=================================================================================
A neural network is a computational model inspired by the structure and functioning of the human brain. It is a fundamental building block in the field of artificial intelligence and machine learning. Neural networks consist of interconnected nodes, known as neurons or artificial neurons, organized into layers. These networks are designed to process information and perform tasks by learning from data.
Here are some key components of a neural network:

Neurons: Neurons are the basic processing units in a neural network. Each neuron receives input, processes it, and produces an output. Neurons are often represented mathematically as nodes that perform mathematical operations on their inputs.

Layers: Neural networks are typically organized into layers. The three main types of layers are:
 Input Layer: This layer receives the initial data or features to be processed.
 Hidden Layers: These layers are intermediate layers between the input and output layers. They perform complex transformations on the input data.
 Output Layer: This layer produces the final output or prediction based on the information processed in the hidden layers.

Weights and Biases: Neurons in a neural network are connected by weighted connections, and each neuron has an associated bias. These weights and biases are parameters that the network learns from training data to make accurate predictions or perform specific tasks.

Activation Functions: Neurons apply activation functions to their weighted inputs to introduce nonlinearity into the model. Common activation functions include sigmoid, ReLU (Rectified Linear Unit), and tanh (hyperbolic tangent).

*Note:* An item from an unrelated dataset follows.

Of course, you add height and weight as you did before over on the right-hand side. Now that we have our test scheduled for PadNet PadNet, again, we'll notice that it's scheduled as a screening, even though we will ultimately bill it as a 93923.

Forward Propagation: In a neural network, information flows forward from the input layer through the hidden layers to the output layer. This process is called forward propagation, and it involves computing the output of each neuron based on its inputs and activation function.

Backpropagation: Neural networks learn from data through a process called backpropagation. During training, the network computes the difference between its predictions and the actual target values (the loss or error). Then, it adjusts the weights and biases using gradient descent optimization to minimize this error. This iterative process updates the network's parameters to improve its performance.

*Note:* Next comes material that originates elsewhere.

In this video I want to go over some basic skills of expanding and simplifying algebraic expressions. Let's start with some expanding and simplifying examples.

Training Data: Neural networks require labeled training data to learn and generalize patterns. The network learns to make better predictions or classifications as it processes more examples during training.
Neural networks have been applied to various machine learning tasks, including image recognition, natural language processing, speech recognition, and many more. Deep learning, a subfield of machine learning, focuses on using deep neural networks with multiple hidden layers to solve complex tasks and has achieved remarkable success in recent years.
Table 4214a. Comparison among different layers in deep learning neural network.
Application example 

Input Layer 
Hidden Layer 
Output Layer 

Feedforward neural network for image classification 
Details 
 Number of Variables: Each pixel in the 28x28 image can be considered a variable. So, there are 28 x 28 = 784 variables in the input layer.
 No activation function is applied in the input layer; it simply passes the pixel values as they are to the next layer.

 Number of Nodes: Let's say we have one hidden layer with 128 nodes. The number of nodes in the hidden layer is a hyperparameter that can be adjusted based on the problem and complexity of the task.
 Activation Function: ReLU (Rectified Linear Unit) activation function is commonly used in hidden layers. So, ReLU activation is applied to the output of each node in this layer.

 Number of Nodes: In this case, we have 10 nodes in the output layer, where each node corresponds to one of the possible digits (0 through 9). The number of nodes in the output layer matches the number of classes or categories in the classification task.
 Activation Function: Typically, the output layer uses a softmax activation function, especially for multiclass classification problems like this one. The softmax function converts the raw output values into probabilities, where each node represents the probability of the corresponding class.


Variables /nodes 
784 variables (no activation function) 
128 nodes (ReLU activation) 
10 nodes (softmax activation) 

Included layers 

Convolutional Layer (CONV)
Pooling Layer (e.g., MaxPooling)
Convolutional Layer (CONV)
Pooling Layer
Fully Connected Layer (FC) 


Energy usage 

99% energy are used by Convolutional Layer (CONV) and Fully Connected Layer (FC) 


* Feedforward neural network for image classification: this builds a neural network to classify handwritten digits from the MNIST dataset, where each image is a 28x28 pixel grayscale image of a handwritten digit (0 through 9). 
Fitting a neural network involves training it on a dataset so that it can learn to make accurate predictions or classifications. Here are the general steps to fit a neural network:

Data Preparation:
Data Collection: Gather and organize your dataset. Ensure you have labeled data, with input features and corresponding target labels.

Data Preprocessing: Clean and preprocess your data. This may involve tasks such as normalization, feature scaling, handling missing values, and encoding categorical variables.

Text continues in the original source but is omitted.